An exact transcription of every entry is required, with the images left out.

*** INPUT DATA ***

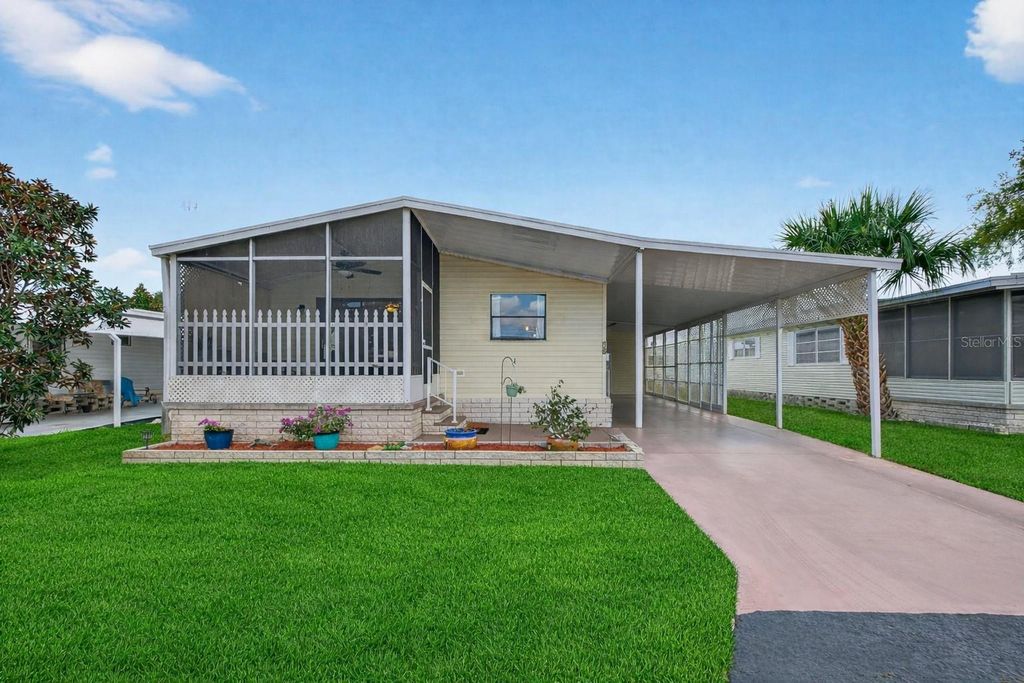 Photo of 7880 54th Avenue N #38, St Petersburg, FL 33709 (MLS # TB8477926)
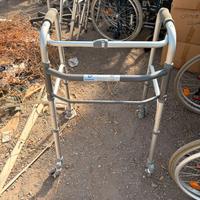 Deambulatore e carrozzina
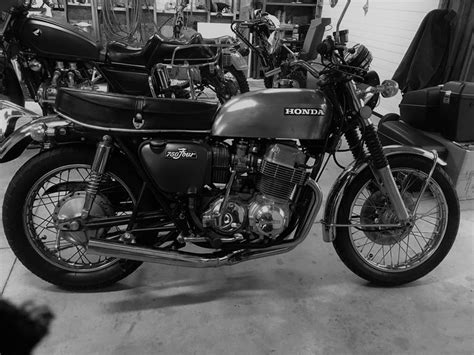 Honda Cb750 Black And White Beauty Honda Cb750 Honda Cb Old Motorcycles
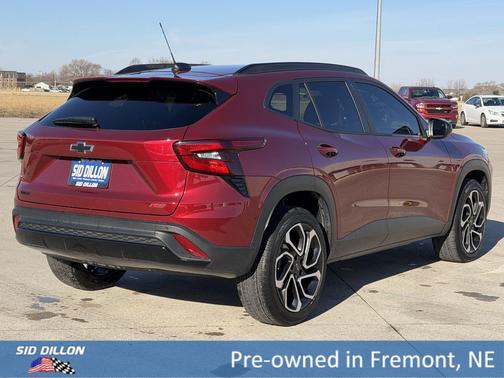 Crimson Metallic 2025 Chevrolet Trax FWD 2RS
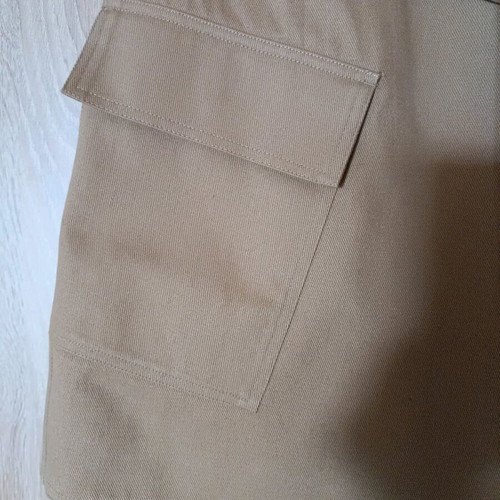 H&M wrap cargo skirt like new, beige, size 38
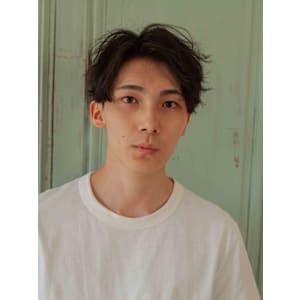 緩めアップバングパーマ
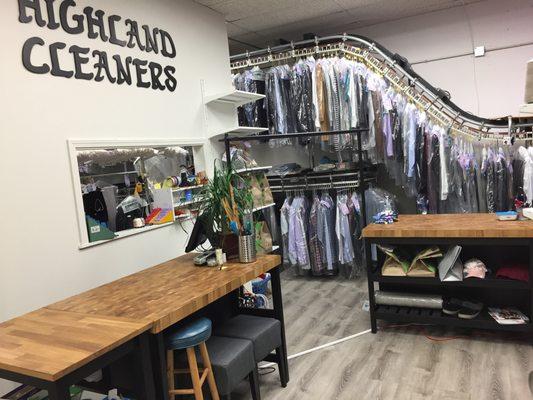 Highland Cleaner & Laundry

*** End of INPUT DATA ***

→ **YOUR SOLUTION**
 Photo of 7880 54th Avenue N #38, St Petersburg, FL 33709 (MLS # TB8477926)
 Deambulatore e carrozzina
 Honda Cb750 Black And White Beauty Honda Cb750 Honda Cb Old Motorcycles
 Crimson Metallic 2025 Chevrolet Trax FWD 2RS
 H&M wrap cargo skirt like new, beige, size 38
 緩めアップバングパーマ
 Highland Cleaner & Laundry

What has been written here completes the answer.